Read that table again.

The named AI crawlers walk straight in. A blank user-agent walks in. The official conformance tool for the spec you are implementing does not. Same file, different doorman.

That is the gap between publishing a catalog and having it be discoverable. Shipping the file is necessary and nowhere near sufficient. If you sit behind Cloudflare, or any WAF with managed bot rules, a registry crawling you with a stock HTTP library can be turned away while you sit there thinking you are live.

The fix is to allowlist your /.well-known/ paths for these clients, or to lean on the fact that the real registries identify themselves properly. The Hugging Face client got through because it sends its own user-agent. The reference validator did not, because nobody changed the default. Check this yourself, because it is the step everyone will skip.

The limitation

What I have proved is the publisher half and the client half. My catalog is valid, it is discoverable, and a real client pointed at my domain reads it correctly.

What I have not proved is the headline the spec is selling, that a registry indexes the open web and an agent finds me cold, never having heard of this site. To be fair, that machinery is only 2 days old. Hugging Face’s hosted registry only indexes its own Spaces, and no public registry is crawling the open web yet.

So the federated-search half is a promise, not yet a demo.

The upside is that the catalog is already sitting there for the day a public registry starts crawling. Watch this space.

Who actually deployed it (new)

Three days after the spec dropped, I checked all 11 launch companies for a catalog at the address an agent would actually try, /.well-known/ai-catalog.json on the main domain.
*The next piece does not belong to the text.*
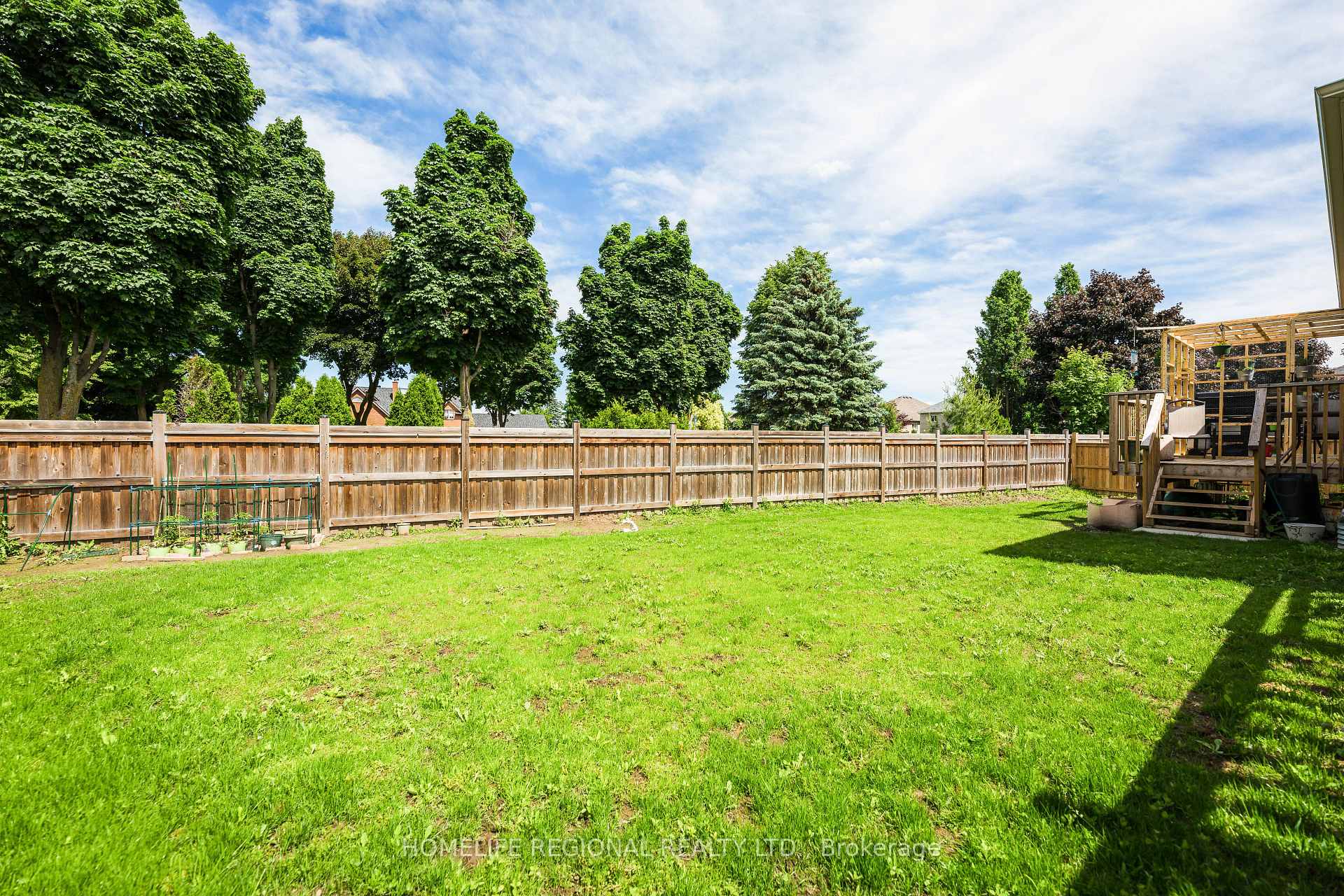 Photo 19 of Unit lower level, 80 Prince George Crescent, Barrie, Innis-Shore — HOMEH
None of them serve one.

Company	Catalog on the main domain
Hugging Face	401, no public catalog, their registry lives on a separate subdomain
Google, Microsoft, GitHub, Salesforce, Databricks, Snowflake, Cisco	404
Nvidia, ServiceNow, GoDaddy	403

Signing a launch announcement and deploying files to a Fortune 500 domain are different sports. Just 3 days in, that gap is the story. Hugging Face is the exception, and a useful one. They skipped the file on their main domain and built the front desk instead, a live registry that indexes thousands of running Spaces and answers ARD queries today. So the federated half I called a promise just above is now a demo. One company deep, but it works.
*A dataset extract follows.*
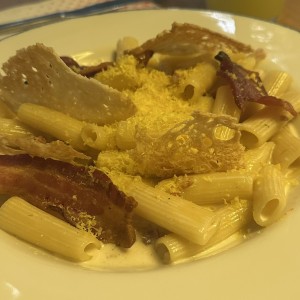 RIGATONI NI CARBONARA NI ALFREDO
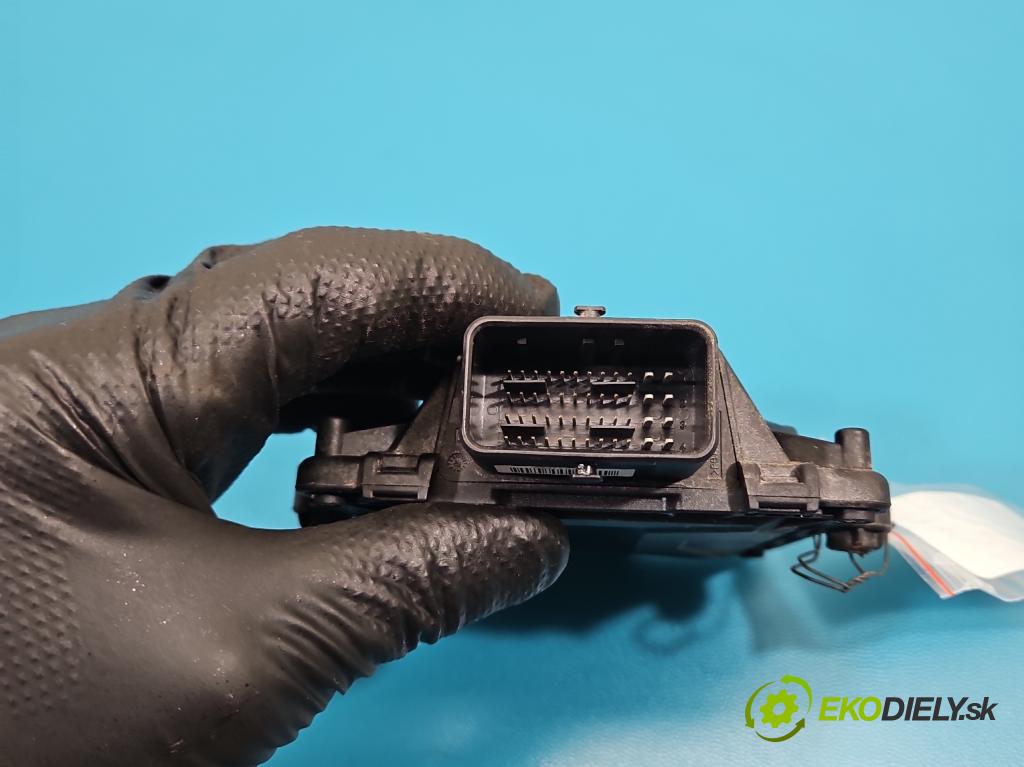 Ford Focus Mk1 1998-2004 1.6 16V 101 HP manual 74 kW 1596 cm3 5- riadiaca jednotka LPG 67R-014903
I built the registry, and a checker for you (new)

The spec is blunt that there is no central directory. Every site can run its own. So I wrote one, a few hundred lines of Python that crawl a list of sites, read their catalogs, and answer a plain-English query across all of them.

The interesting part is federation. When a catalog points at another registry, like Hugging Face’s, it queries that one too and blends the results. Ask it for an MCP server that searches an SEO blog and my own server tops the list, with Hugging Face’s live Spaces folded in underneath. It is on GitHub if you want to run it.

While wiring my registry into Hugging Face’s, every call failed. Their published catalog advertises its registry at a host that returns 404, a stale address someone left in a config, while the working service sits right next door. I reported it. A fair reminder that this whole layer is 3 days old and held together with the usual string.

The CLI is for people who like a terminal. For everyone else I built the Agentic Resource Discovery Checker.

Type your domain and it runs this whole post against your own site, all 4 discovery signals, the catalog validation, and the firewall test that caught my own Cloudflare block. It turns what is missing into a list you can act on.

If you would rather find agents and tools than check your own site, the same engine powers a hosted Agentic Web Search

Should you ship this yet?

If your site does not expose an MCP server, an A2A agent, or an API, your ai-catalog.json is an empty shelf. Skip it, and revisit when you have something to list.

If you do expose any of those, and more sites will, it’s a 20-minute job that costs nothing and gets you in front of the registries before they arrive. The order that worked for me → Serve a valid ai-catalog.json -> point every entry at a real capability → run the conformance tool until it passes -> advertise the file more than one way, and then, if you are behind a WAF, confirm a plain HTTP client can actually fetch it.

That last check is the one that separates a catalog that exists from one that works.

This is the next layer on top of making your site agent-ready and shipping WebMCP.

The protocols keep stacking. The good news is that each one is a small file, and most of the work is deciding whether you needed it at all.

Just only small problem.

Changelog

Update, June 2026 Built the Agentic Resource Discovery Checker and a hosted Agentic Web Search, free tools that check a site and search the agentic web. Tested all 11 launch companies and found none serving a catalog on their main domain yet, with Hugging Face the only exception, running a live registry on a subdomain. Open-sourced a federated ARD registry that searches this site’s catalog and Hugging Face’s live index in one query, and reported a bug in Hugging Face’s deployment where the published catalog points at a dead host.